It’s December, 1996. I am a wife of one, mother of two, sister of five, aunt of eight, daughter, friend, volunteer, and neighbour. I own an active speaking and training business, and for the first time in over two decades, I am, once again, a student.
Having stepped into a Masters program earlier in the year, this is my first experience combining formal education with parenting, business ownership, and the demands of the holiday season.
I’ve booked seminars for nine of the first ten working days of the month. Two of these clients have a history of canceling at the last moment. I expect to be presenting only five of those days. No one cancels. I’m on for nine full days (plus travel in between).

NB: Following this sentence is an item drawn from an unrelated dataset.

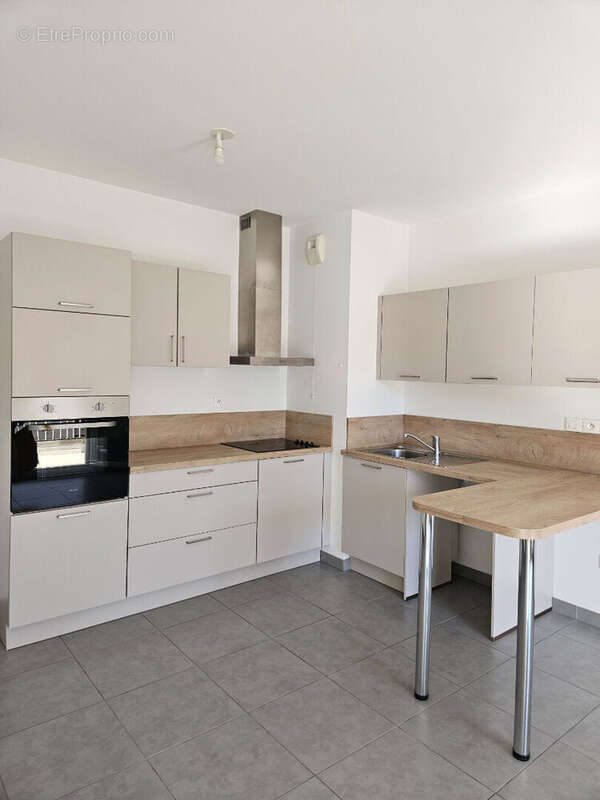 Appartement à MARSEILLE-1E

Both daughters play soccer. In addition to the regular league play, an out of town tournament is scheduled for the first weekend in December. I go along to chaperone. I squeeze the reading for my class and the Christmas card writing around the games and room checks.
One daughter sings in a children’s choir that’s heavily booked for pre Christmas performances. This year the choirmaster invites the parents to work up a couple of songs and join in at the performances. Back in October this seemed like a good idea. Now, I find myself with evening practices and performance dates jamming my calendar.
My class work winds up mid December, but a major 30 page term paper is due one week before Christmas. I’m burning the oil – midnight and morning – reading, writing and researching.
And, of course, there’s Christmas with the decorating, the entertaining, the shopping, the wrapping, the visiting, and the expectation of peace and good will for all.
I am not exercising. I am not relaxing. I am doing nothing to care for myself.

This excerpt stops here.